Mr Rowhani, who is fluent in English, Arabic, German, Russian and French, stands a chance if Mr Rafsanjani and the popular former reformist president, Mohammad Khatami, another key ally, endorse him - as seems likely.
But Mr Khamenei's world view is more in tune with that of Mr Jalili's, which was forged on the front lines of Iran's war with Iraq in the 1980s, where he lost his lower right leg. At university, Mr Jalili wrote his doctoral dissertation on the foreign policy of the Prophet Mohammed.
Rather than Mr Rowhani, Mr Jalili's main competitor is likely to be a fellow conservative and war veteran, Mohammad Baqer Qalibaf, 52. Alone among the five conservatives on the ballot, the former national police chief has charisma and, as the long-serving mayor of Tehran, a sprawling city of 12 million people, proven popularity and management skills.

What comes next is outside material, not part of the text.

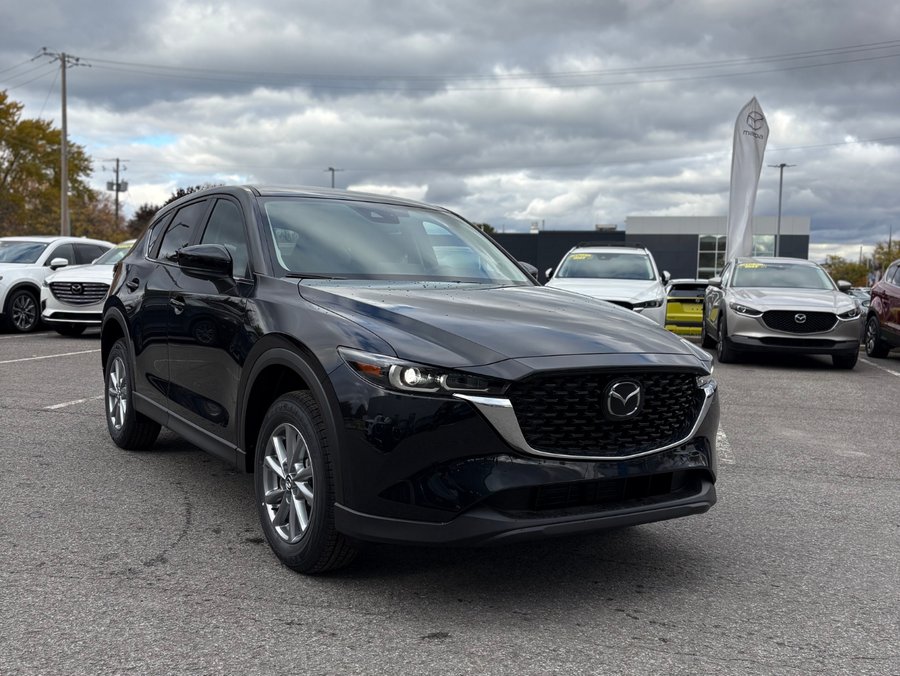 2025 MAZDA CX-5 2025 Jet Black Mica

Meanwhile, there is intriguing Iranian media speculation that Mr Jalili is really a "stealth candidate" for Mr Ahmadinejad, whose chosen successor, Esfandiar Rahim Mashaei, failed to clear the vetting process. Others counter that such speculation is aimed at undermining Mr Jalili's candidacy by associating him Mr Ahmadinejad, who is unpopular with Iran's ruling clerics and many fellow hardliners.
Which way Iran's conservative leadership swings its vote at the final stage will be critical. Mr Khamenei is officially neutral, but a tacit nod from him in favour of one candidate will mobilise a bloc vote by the Revolutionary Guards and its affiliated Basij militia behind the anointed contender, although previous elections show a significant minority might not heed such direction.
Mr Khamenei also has two other horses in the race. One is his veteran foreign policy adviser, Ali Akbar Velayati, 68. The other is Gholam Ali Haddad Adel, also 68, a former parliamentary speaker whose daughter is married to the supreme leader's influential son, Mojtaba.
Hooman Majd, author of The Ayatollahs' Democracy, argued it would presumptuous to view the election as simply a rubber stamp for the authority of the supreme leader and Iran's Revolutionary Guards.
"Iranians appreciate that there is a world of difference in politics between bad and worse," he wrote last week in Foreign Affairs, a US journal. "Even if they feel like holding their noses as they cast a ballot, they will, in all probability, still go to the polls."